Des études ont montré que, chez les chauffeurs de car devant effectuer de longs trajets monotones, les introvertis étaient plus vigilants et moins sujets aux accidents, et que la performance des extravertis s’améliorait s’ils écoutaient la radio ou avaient une conversation avec un passager.

Quand la pression sociale nous demande d’être extravertis.

Ainsi que le souligne Susan Cain dans sa conférence The Power of Introverts, avec le vingtième siècle et l’avènement de l’ère industrielle, les conditions de vie et de travail ont évolué et favorisent désormais les comportements extravertis. Qu’il s’agisse de l’école ou de l’entreprise, les environnements de travail sont conçus de manière à favoriser les échanges et le travail en équipe (même si, en entreprise, la mode des open space a sans doute pour but inavoué d’entasser davantage de salariés au mètre carré). Dans un tel environnement, les extravertis sont favorisés, car il leur suffit de lever le nez de leur bureau pour pouvoir aussitôt engager la conversation avec un voisin.  Et les introvertis, qui ont besoin de calme et de solitude pour réfléchir efficacement et exprimer la richesse de leur créativité, souffrent de cette avalanche de stimulations. Ils se sentent parfois même coupables d’avoir besoin de s’isoler pour penser clairement. A l’école, la note departicipation en classe a pour effet de favoriser les élèves extravertis, et de pénaliser les introvertis…

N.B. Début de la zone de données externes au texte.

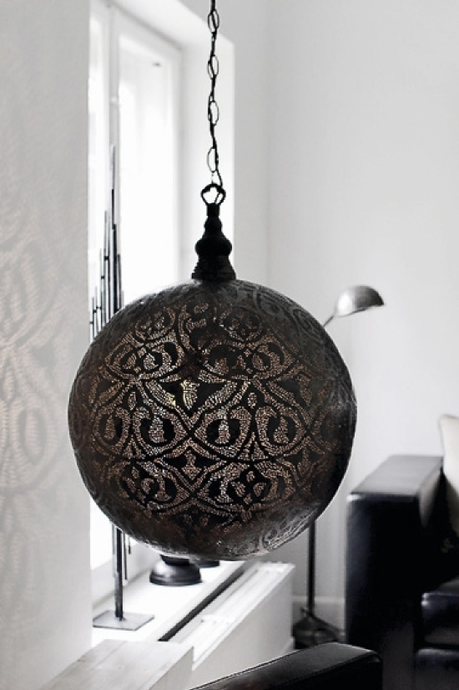 Visite déco : Ambiance ethnique chic à la scandinave…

Les qualités des introvertis

Les introvertis n’ont pourtant pas à rougir de leur mode de fonctionnement. Ils préfèrent souvent écouter et réfléchir avant d’ouvrir la bouche, ce qui peut faire croire à leur entourage qu’ils sont timides. C’est peut-être pour cette raison qu’ils préfèrent l’écrit à l’oral, pour pouvoir prendre le temps de peaufiner leurs idées et de ciseler leurs phrases, avant de les livrer en pâture au monde extérieur. Ils aiment aller au fond des choses et prendre le temps d’en examiner tous les aspects. Ils peuvent rester calmes au milieu de l’agitation, voire de la panique. Enfin, ils n’ont pas peur de la solitude, car c’est grâce à elle qu’ils rechargent leurs batteries et mûrissent leur réflexion.

Quand ils sont en position de managers ou de leaders, les introvertis laissent plus volontiers leurs subordonnés exprimer leur créativité et leur proactivité, alors qu’un extraverti pourrait involontairement décourager ces mêmes subordonnés de faire preuve d’initiative, en exprimant d’abord ses propres idées.

Alors, introverti ou extraverti ?

Si, après une journée de travail fatigante, vous préférez rentrer chez vous pour lire un bon bouquin au calme, plutôt que de sortir boire un verre avec des amis… ne culpabilisez pas : c’est juste que vous êtes intraverti ! Et vous êtes en excellente compagnie. Parmi les introvertis célèbres, on peut citer : Albert Einstein, Mahatma Gandhi, Steven Spieberg, Al Gore, Abraham Lincoln, J.K.Rowling, Bill Gates, Isaac Newton, Julia Roberts, Audrey Hepburn, Clint Eastwood, ou Tom Hanks.